Meta AI recently published pre-print research showing off a radical new “Megabyte” framework for building generative pre-trained transformer (GPT) systems.
Dubbed “promising” by OpenAI’s Andrej Karpathy, former director of artificial intelligence at Tesla, the new architecture is designed to process large volumes of data — such as images, novels and video files — without the use of a process known as tokenization.
Promising. Everyone should hope that we can throw away tokenization in LLMs. Doing so naively creates (byte-level) sequences that are too long, so the devil is in the details.
Tokenization means that LLMs are not actually fully end-to-end. There is a whole separate stage with… https://t.co/t240ZPxPm7
— Andrej Karpathy (@karpathy) May 15, 2023
Tokenization is a lossy process that’s comparable to file compression. To process large amounts of data, GPT models convert bytes to tokens. The tokens are then processed by the transformer and used to generate output tokens, which are then decoded.
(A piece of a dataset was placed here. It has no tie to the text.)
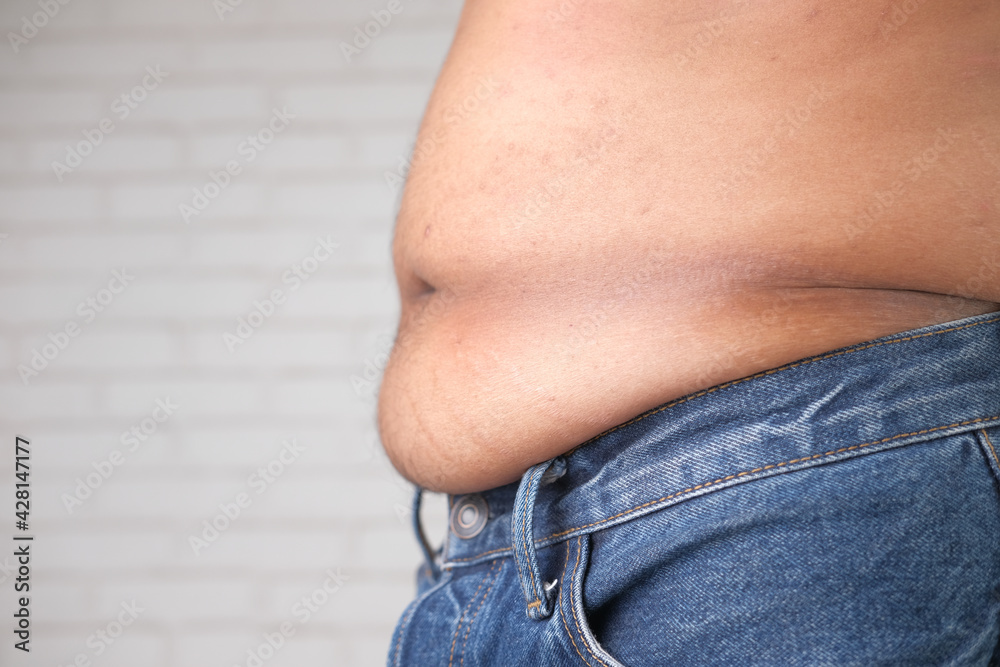 Naklejka premium young man with excessive belly fat, overweight concept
The tokenization process allows an AI system to process larger strings of data as numbers. The words “my favorite color is red,” if processed by OpenAI’s ChatGPT, for example, would be converted to the token string “3666, 4004, 3124, 318, 2266, 13” for processing.
Unfortunately, even through tokenization, the amount of data current state-of-the-art systems can process still has a hard limit. For GPT-3.5, the limit is slightly over 4,000 tokens or about 3,000 words, whereas GPT-4 maxes out at around 32,000 tokens or about 24,000 words.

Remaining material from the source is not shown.